家族会議と加入のお話。
思っていたよりも時間がかかってしまった。
初めての実戦から幾日が過ぎ去り、気が付けばもう五回生になっていた。
ピカピカの一年生だったあの頃に比べて、みんなちゃんと成長しており、体格だけでなく魔法や戦闘学などの技術から、精神面に至るまで様々なところで着実に大人に近づいていた。
どうやらこの世界の子供は成長が早いらしく、十一歳である程度自立できるまでになっている。まあ、魔物やら盗賊やらと戦う世界なんだから、そう考えれば早くてもおかしくはないといえるかもしれない。
今日も今日とて響たちは三人で一緒に学校へ足を進めていた、梓は貴族のお嬢様としての自覚が芽生えてきたらしく作法や礼儀から他の種族の大陸などについても学び、最近ではお隣さんというのもあってうちの道場で剣の訓練をしている。
影山は家が武具店を経営しているので、その手伝いをしている。本人も手伝い自体は楽しいらしく色々な武器を間近で見ることが出来るので、男の子としての本能が疼いているみたいだ。かくいう響もその一人なのだが。

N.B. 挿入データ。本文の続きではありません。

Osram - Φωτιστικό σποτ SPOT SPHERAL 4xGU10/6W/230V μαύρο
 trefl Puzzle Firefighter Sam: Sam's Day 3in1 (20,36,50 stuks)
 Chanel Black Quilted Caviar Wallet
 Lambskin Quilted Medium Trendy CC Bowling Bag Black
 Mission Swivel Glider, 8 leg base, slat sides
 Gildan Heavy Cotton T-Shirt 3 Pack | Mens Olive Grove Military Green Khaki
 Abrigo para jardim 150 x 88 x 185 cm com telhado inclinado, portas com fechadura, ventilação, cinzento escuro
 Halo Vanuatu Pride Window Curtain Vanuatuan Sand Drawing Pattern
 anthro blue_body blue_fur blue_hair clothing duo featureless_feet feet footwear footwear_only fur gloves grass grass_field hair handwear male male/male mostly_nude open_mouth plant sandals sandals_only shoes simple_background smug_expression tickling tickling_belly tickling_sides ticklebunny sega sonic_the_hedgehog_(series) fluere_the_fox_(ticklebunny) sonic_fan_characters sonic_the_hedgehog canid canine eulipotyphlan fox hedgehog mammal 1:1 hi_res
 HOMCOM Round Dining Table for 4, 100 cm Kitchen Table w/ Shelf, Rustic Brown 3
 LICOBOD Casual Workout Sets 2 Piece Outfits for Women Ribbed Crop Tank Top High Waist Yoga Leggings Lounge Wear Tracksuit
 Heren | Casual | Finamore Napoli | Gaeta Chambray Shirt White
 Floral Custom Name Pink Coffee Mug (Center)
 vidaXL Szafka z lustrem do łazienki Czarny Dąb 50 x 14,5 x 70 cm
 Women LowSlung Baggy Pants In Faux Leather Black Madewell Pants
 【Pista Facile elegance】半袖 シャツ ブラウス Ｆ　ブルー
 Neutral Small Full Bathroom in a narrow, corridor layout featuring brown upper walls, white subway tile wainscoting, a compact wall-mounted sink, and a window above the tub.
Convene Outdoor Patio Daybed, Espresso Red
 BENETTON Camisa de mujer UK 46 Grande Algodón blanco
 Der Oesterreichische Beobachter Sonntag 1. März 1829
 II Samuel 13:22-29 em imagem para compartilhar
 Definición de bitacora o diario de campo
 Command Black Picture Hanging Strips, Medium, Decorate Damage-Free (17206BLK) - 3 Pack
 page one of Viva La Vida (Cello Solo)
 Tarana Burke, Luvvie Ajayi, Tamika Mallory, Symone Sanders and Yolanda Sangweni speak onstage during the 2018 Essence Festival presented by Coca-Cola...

そしてこいつも、今はうちの道場で一緒に訓練しており、何やかんやで前の世界よりも三人でいる時間は格段に長くなっている。
そして現在この道場には、この二人以外にも一緒に訓練する友人がいる。
「うがあああ! なんで一本も当たらないんですのおおお!!?」
「動きが単調過ぎです。その調子だとすぐに剣筋を読まれて……ほらっ!」
「ひいいいいい!」
「お嬢様! 逃げちゃダメですよ!ほら、カレンさんに立ち向かわないと!」
「無理ですわああああぁぁああ!」
名家フォートレス家のお嬢様マリアとその従者の家柄であるサイト家のお嬢様セリアが今年の春から加わることになり、アルバレスト道場は一層賑やかになった。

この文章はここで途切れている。